In the general answer, yes you "should" have some space to store or keep some items...there though are so many variables to consider.
:runninghorse2:...


----------



## ACinATX (Sep 12, 2018)

@SilverMaple so are you saying that it's OK for things (like hay bales) to rub up against the post thingy (Yes, I obviously do not know the technical term for that) as long as they aren't so tall that they hit the part of the trailer that hangs over the truck bed?
@horselovinguy I don't have any specifics right now, I'm just trying to figure out how things would work out with a gooseneck trailer. I'm sort of daydreaming about what I might get in the future. To my surprise, my husband kind of likes the idea of getting a truck, so it might not be out of the question in a year or two. With three horses, I don't think I really want a bumper pull, but the bumper pull is sure a lot simpler than the gooseneck. I'm just wondering, if I did have the gooseneck, how usable would the bed of the truck then be? It's a good point about the weight of the hay, too. Like I said, I'm just in the daydreaming stage right now, but that's good to consider. Because, yes, it's hay that I would be hauling back there.


----------



## SilverMaple (Jun 24, 2017)

No, you don't want anything touching the hitch. We had a long box on a full-sized pickup, so lots of room to put other things in the bed even with a utility box on the truck. If you're towing with a short box or regular box truck, you won't have as much space. Most pickups that have a crew cab or 4-doors have a short box, leaving not a lot of room for anything other than the hitch, and limiting your turning radius before the gooseneck hits the cab if you turn too short. 

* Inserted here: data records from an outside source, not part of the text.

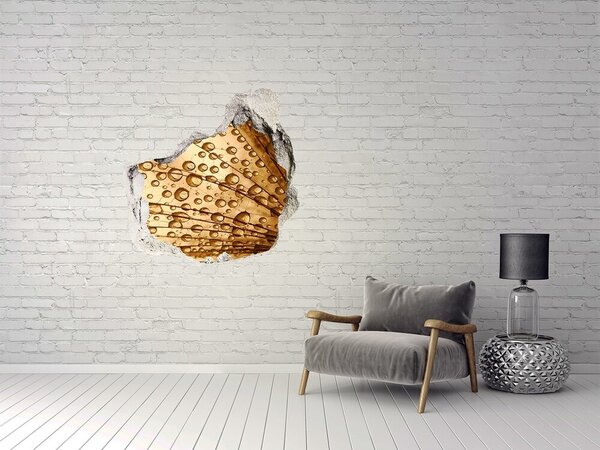 Autocolant gaură 3D O picătură aurie pe fundalul de beton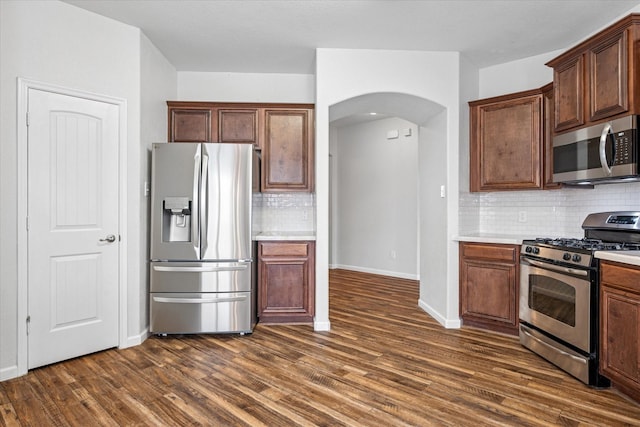 5208 Hidden Knolls Dr, Mckinney, TX 75071 - kitchen with appliances with stainless steel finishes, arched walkways, dark wood-type flooring, backsplash, and light countertops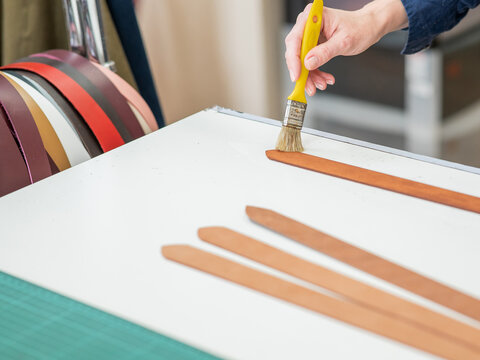 A craftsman uses a brush to cover leather parts. 
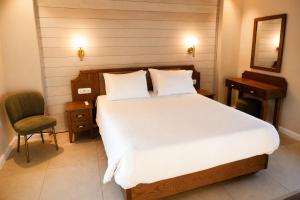 a bedroom with a large white bed and a chair at Athena Collection in Kefalos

For a 3-horse, I'd recommend a gooseneck. By the time you add in your supplies, tack, and water plus horses, a 3-horse is going to be too much weight for most bumper pull rigs. 95% of the 3-horse trailers in our area are goosenecks. If you're going to upgrade to a 3/4 or 1-ton tow vehicle, a gooseneck makes more sense, is better on bad roads, is more maneuverable, and has better resale value. Store whatever you would put in the pickup bed in the tack room of the trailer/over the gooseneck. The only BP ones here are those towed by Suburbans or people who put kayaks or have a camper on their pickup so can't tow a GN. 

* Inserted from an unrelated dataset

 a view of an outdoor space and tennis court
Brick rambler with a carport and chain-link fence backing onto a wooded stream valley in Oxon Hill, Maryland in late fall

If your concern is that the GN hitch limits the use of the truck bed when not hauling your trailer, there are turnover balls so that the truck bed is flat when you aren't hauling and you don't have the ball sticking up. A v-tailgate after-market purchase allows room for the trailer but still gives you a tailgate on your truck for about $250. You'll want to lower it before hooking and unhooking, though. A tailgate makes climbing in the truck bed to hook/unhook a pain in the rear, so most people take it off altogether if they haul a lot, or get a flatbed.


----------



## greentree (Feb 27, 2013)

Opposite opinion from Silver Maple, naturally....

I prefer a bumper pull, and have a large (28 foot) 3 horse bumper pull. It has a decent size dressing room, and we had the wall cut and hinged so that we can haul a carriage and a pair of horses. It is big enough to haul a 1972 Corvette. 

We had a slide in truck camper, and used a “Superhitch” which extended the hitch out past the end of the camper. I have hauled 4 horses, 4 people, the camper, all the fence panels for the horses, hay, etc., from Houston into the Texas Hill Country like this, and the normal load (2horses, carriage, camper, feed, hay, etc., for 2 weeks) about 100,000 miles, when I was showing driving horses.


----------



## ACinATX (Sep 12, 2018)

Thanks guys. One thing I was trying to figure out was whether I would be able to use the bed of the pickup truck for hay bales while hauling a GN trailer. It seems like the answer is probably not. So I'd just need that much more room in the trailer for them.


----------



## LoriF (Apr 3, 2015)

I just went camping and put five bales of compressed hay in the bed of my truck with a gooseneck hitch. The bales were up against the front of the bed. They didn't touch the hitch and stayed below the rail so no worries about the trailer hitting them on a turn. Obviously, you can't fill the bed up, but you can still put some stuff in there as long as you consider everything involved.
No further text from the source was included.